Early in pregnancy, a striking abundance of large, granular lymphocytes termed decidual natural killer (NK) cells are present in the decidua. In peripheral blood, there are two subsets of NK cells. Approximately 90 percent are highly cytolytic. Ten percent show less cytolytic ability but increased cytokine secretion. In contrast to peripheral blood, 95 percent of NK cells in decidua secrete cytokines, and about half of these unique cells also express angiogenic factors. These decidua NK cells likely play an important role in trophoblast invasion and vasculogenesis.

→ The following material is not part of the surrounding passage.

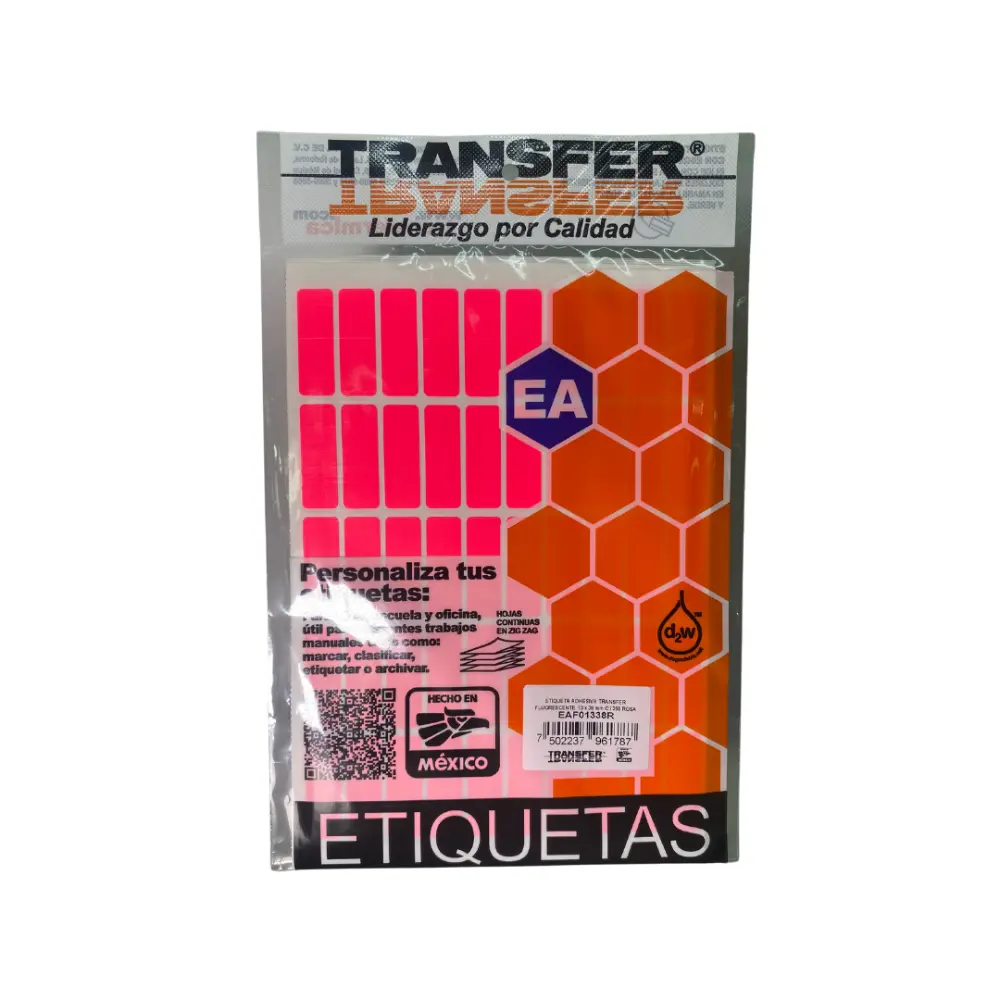 ETIQUETA ADHESIVA TRANSFER ROSA NO.6  13X38 MM. C/350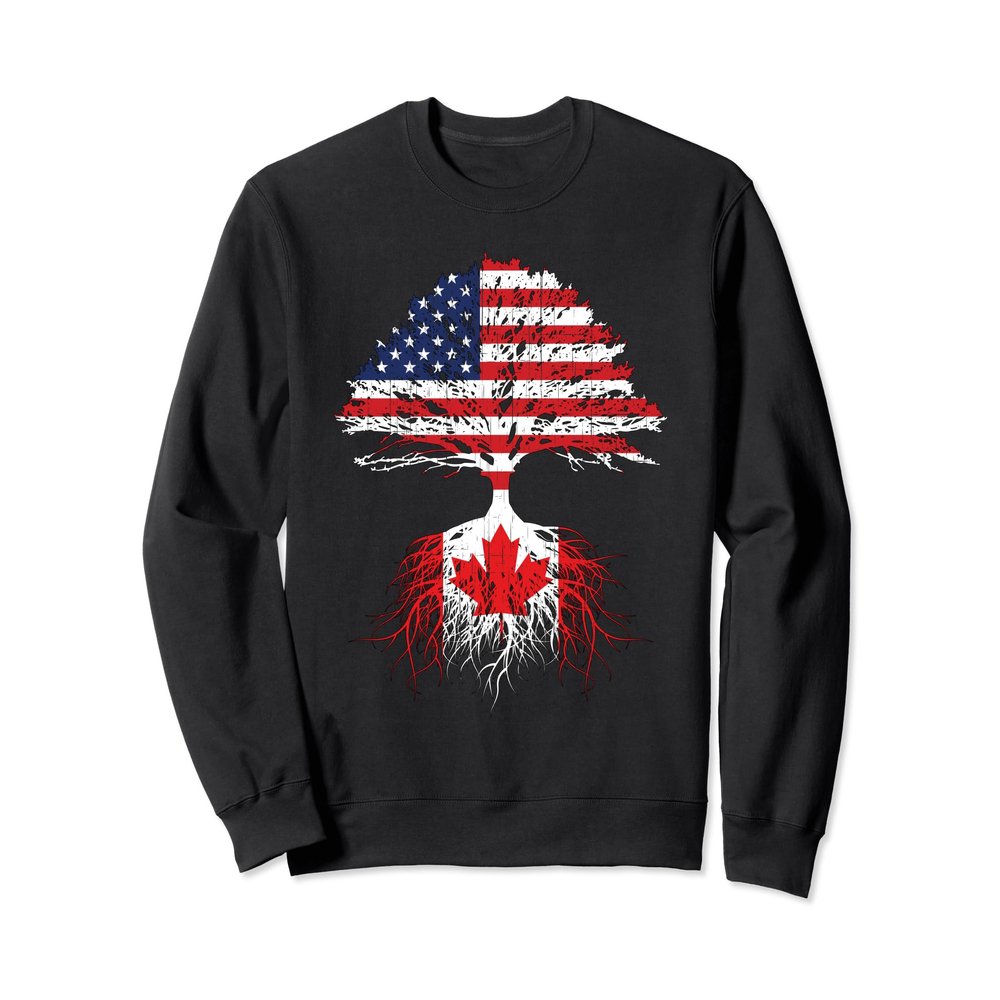 Canadian Roots American Grown Canada Flag Sweatshirt Gift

In addition to placental development, the decidua potentially provides other functions. The decidua is the source of prolactin that is present in enormous amounts in amnionic fluid (Golander, 1978; Riddick, 1979). Decidual prolactin is not to be confused with placental lactogen (hPL), which is produced only by syncytiotrophoblast. Rather, decidual prolactin is a product of the same gene that encodes for anterior pituitary prolactin. And although the amino-acid sequence of prolactin in both tissues is identical, an alternative promoter is used within the prolactin gene to initiate transcription in decidua (Telgmann, 1998). This may explain the different mechanisms that regulate expression in the decidua versus pituitary (Christian, 2002a,b).
Prolactin preferentially enters amnionic fluid, and little enters maternal blood. Consequently, prolactin levels in amnionic fluid are extraordinarily high and may reach 10,000 ng/mL at 20 to 24 weeks’ gestation (Tyson, 1972). This compares with fetal serum levels of 350 ng/mL and maternal serum levels of 150 to 200 ng/mL. As a result, decidual prolactin is a classic example of paracrine function between maternal and fetal tissues.
The exact physiological roles of decidual prolactin are still unknown. Its action is mediated by the relative expression of two unique prolactin receptors and by the amount of intact or full-length prolactin protein compared with the truncated 16-kDa form (Jabbour, 2001). Receptor expression has been demonstrated in decidua, chorionic cytotrophoblasts, amnionic epithelium, and syncytiotrophoblast (Maaskant, 1996). There are several possible roles for decidual prolactin. First, most or all of this protein hormone enters amnionic fluid. Thus, it may serve in transmembrane solute and water transport and in amnionic fluid volume maintenance. Second, there are prolactin receptors in several bone marrow-derived immune cells, and prolactin may stimulate T cells in an autocrine or paracrine manner (Pellegrini, 1992). This raises the possibility that decidual prolactin may act in regulating immunological functions during pregnancy. Prolactin may play a role in angiogenesis regulation during implantation. Last, decidual prolactin has been shown in the mouse to have a protective function by repressing expression of genes detrimental to pregnancy maintenance (Bao, 2007).
Regulation of decidual prolactin is not clearly defined. Most agents known to inhibit or stimulate pituitary prolactin secretion—including dopamine, dopamine agonists, and thyrotropin-releasing hormone—do not alter decidual prolactin secretion either in vivo or in vitro. Brosens and colleagues (2000) demonstrated that progestins act synergistically with cyclic adenosine monophosphate on endometrial stromal cells in culture to increase prolactin expression. This suggests that the level of progesterone receptor expression may determine the decidualization process, at least as marked by prolactin production. Conversely, various cytokines and growth factors—endothelin-1, IL-1, IL-2, and epidermal growth factor—decrease decidual prolactin secretion (Chao, 1994; Frank, 1995). Studies in decidualized human endometrial cells in culture have led to identification of several transcription factors that regulate decidual prolactin (Jiang, 2011; Lynch, 2009).